[Referring expression grounding data]
------------------------------------------------

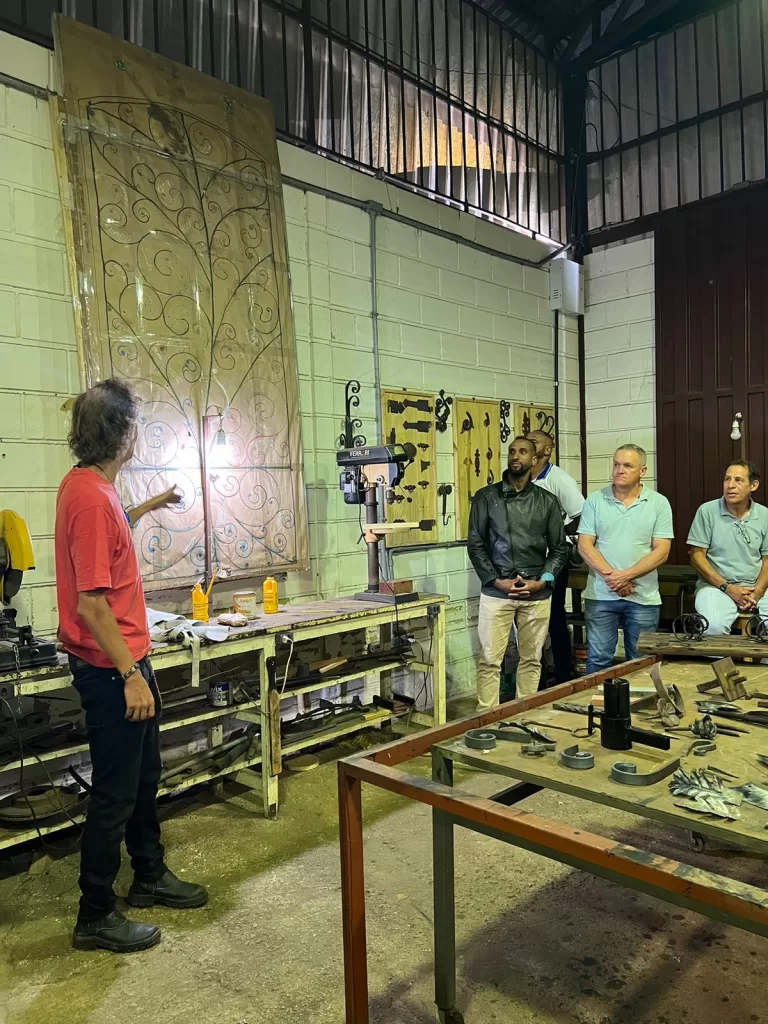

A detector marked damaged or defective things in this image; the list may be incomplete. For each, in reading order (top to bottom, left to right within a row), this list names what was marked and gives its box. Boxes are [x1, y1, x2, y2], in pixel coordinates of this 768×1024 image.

rusty metal table frame [337, 655, 768, 1024]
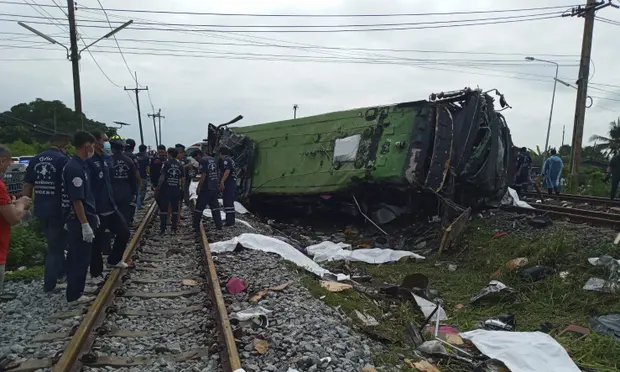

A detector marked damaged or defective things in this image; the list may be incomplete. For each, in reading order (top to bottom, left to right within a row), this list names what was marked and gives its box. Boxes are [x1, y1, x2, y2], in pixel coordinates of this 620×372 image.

overturned green bus [206, 87, 516, 221]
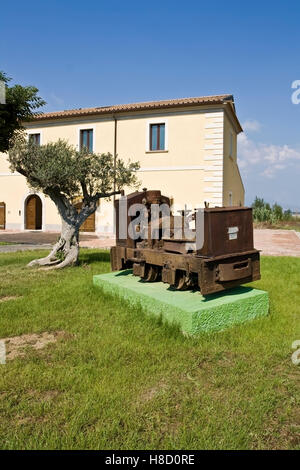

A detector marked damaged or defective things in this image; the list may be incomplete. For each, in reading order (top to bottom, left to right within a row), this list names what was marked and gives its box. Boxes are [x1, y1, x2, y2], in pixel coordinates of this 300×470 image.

rusty old locomotive [110, 190, 260, 294]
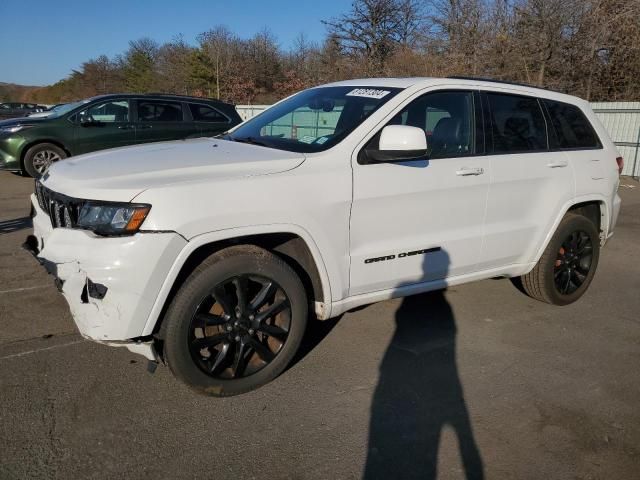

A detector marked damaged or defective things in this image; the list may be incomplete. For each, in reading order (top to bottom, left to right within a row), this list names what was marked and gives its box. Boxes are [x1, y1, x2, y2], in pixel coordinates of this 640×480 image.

cracked bumper cover [28, 195, 186, 360]
damaged front bumper [27, 195, 188, 360]
cracked asphalt [0, 171, 636, 478]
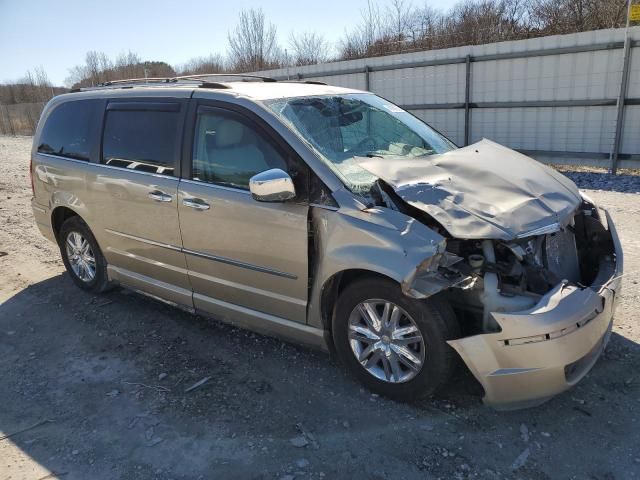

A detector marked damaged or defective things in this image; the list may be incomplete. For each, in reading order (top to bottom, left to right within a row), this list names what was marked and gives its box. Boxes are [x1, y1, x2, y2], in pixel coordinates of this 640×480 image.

damaged gold minivan [30, 76, 620, 408]
crushed hood [358, 139, 584, 240]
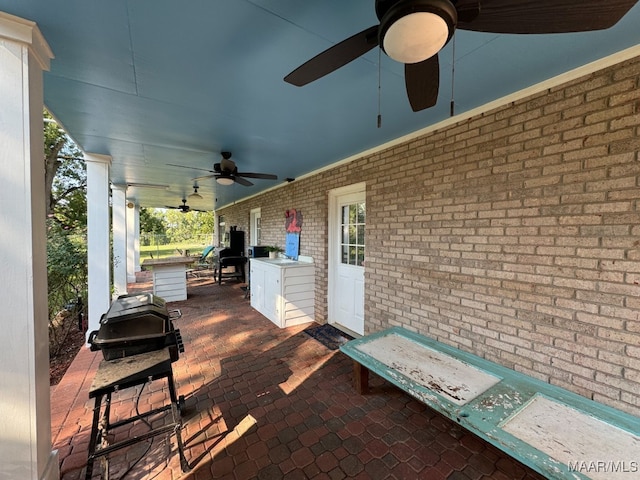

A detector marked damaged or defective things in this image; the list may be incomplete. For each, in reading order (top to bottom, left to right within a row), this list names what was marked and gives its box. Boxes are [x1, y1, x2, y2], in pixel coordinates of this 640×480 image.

peeling paint on bench [340, 326, 640, 480]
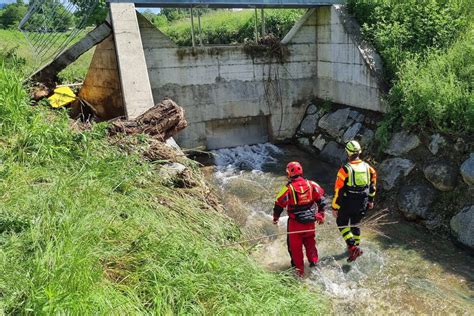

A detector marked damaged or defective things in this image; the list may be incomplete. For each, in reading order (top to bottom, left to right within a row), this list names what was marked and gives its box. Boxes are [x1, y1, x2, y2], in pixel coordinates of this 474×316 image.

damaged bridge structure [31, 0, 386, 149]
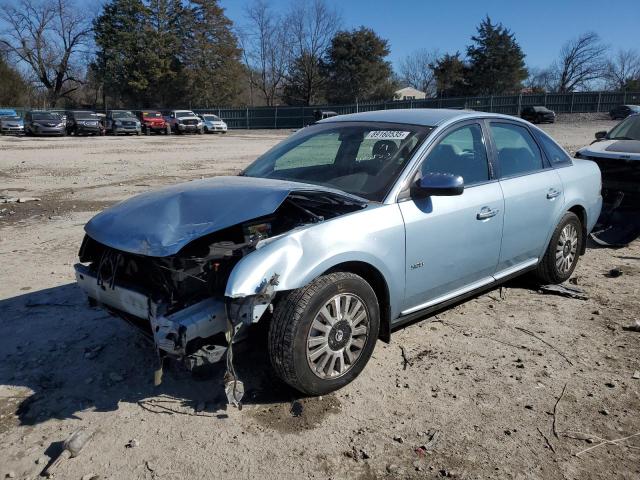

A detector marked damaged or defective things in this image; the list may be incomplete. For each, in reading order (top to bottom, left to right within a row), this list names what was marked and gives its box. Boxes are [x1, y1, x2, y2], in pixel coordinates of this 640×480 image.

crumpled hood [576, 140, 640, 160]
crumpled hood [83, 176, 356, 256]
detached bumper piece [74, 264, 229, 366]
damaged front end of car [72, 178, 364, 406]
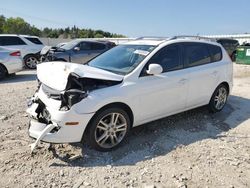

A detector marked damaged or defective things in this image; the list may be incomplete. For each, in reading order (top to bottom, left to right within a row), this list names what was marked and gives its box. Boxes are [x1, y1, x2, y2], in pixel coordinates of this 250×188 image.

------------------------------------------------

Required work ::
Line by line, restate the data above exactly as it stands, minus the pictures.

Solved problem ::
A detector marked damaged or defective things in this image; the list may be incomplete. For each, in reading order (top to bottom, left to right within a row), this list names what was marked and gives its box. Boxes are [x1, y1, x2, y2], in pixel coordinates of this 768×1024 image.

rusty metal table frame [337, 655, 768, 1024]

A detector marked damaged or defective things in this image; the list may be incomplete. For each, in reading order (top to bottom, left to right within a row), this list names what was marked and gives its box. Boxes are [x1, y1, x2, y2], in pixel coordinates of this 620×372 image.

overturned green bus [206, 87, 516, 221]

A detector marked damaged or defective things in this image; the list may be incomplete. For each, in reading order (top to bottom, left to right within a row), this list names what was marked and gives its box. Boxes are [x1, y1, x2, y2], in pixel coordinates of this 300×470 image.

rusty old locomotive [110, 190, 260, 294]

A detector marked damaged or defective things in this image; the list may be incomplete. For each, in reading order (top to bottom, left to right within a row), this list names what was marked and gives its box. Boxes are [x1, y1, x2, y2], in pixel coordinates of this 640×480 image.

cracked bumper cover [28, 195, 186, 360]
damaged front bumper [27, 195, 188, 360]
cracked asphalt [0, 171, 636, 478]

A detector marked damaged or defective things in this image; the list may be incomplete. For each, in reading order (top to bottom, left to right within a row), this list names what was marked and gives its box. Boxes are [x1, y1, x2, y2], in pixel coordinates of this 640×480 image.

damaged gold minivan [30, 76, 620, 408]
crushed hood [358, 139, 584, 240]

A detector marked damaged or defective things in this image; the list may be incomplete. For each, in reading order (top to bottom, left to right within a row), this list names what was marked and gives its box. Boxes are [x1, y1, x2, y2], in pixel coordinates of this 640×480 image.

peeling paint on bench [340, 326, 640, 480]

A detector marked damaged or defective things in this image; the list may be incomplete. For each, in reading order (top to bottom, left to right within a row), this list names what was marked and gives its box. Boxes are [x1, y1, x2, y2], in pixel coordinates of this 474×316 image.

damaged bridge structure [31, 0, 386, 149]

A detector marked damaged or defective things in this image; the list may be incomplete. For each, in reading order (top to bottom, left to right within a row), this list names what was marked and gives its box. Boxes are [x1, y1, x2, y2], in pixel coordinates of this 640×480 image.

crumpled hood [576, 140, 640, 160]
crumpled hood [83, 176, 356, 256]
detached bumper piece [74, 264, 229, 366]
damaged front end of car [72, 178, 364, 406]

A detector marked damaged or defective things in this image; the list may be incomplete. For each, in reading order (top to bottom, left to right within a row), this list names what was marked and gives its box. Boxes are [x1, y1, x2, y2], in pixel coordinates of this 250×188 image.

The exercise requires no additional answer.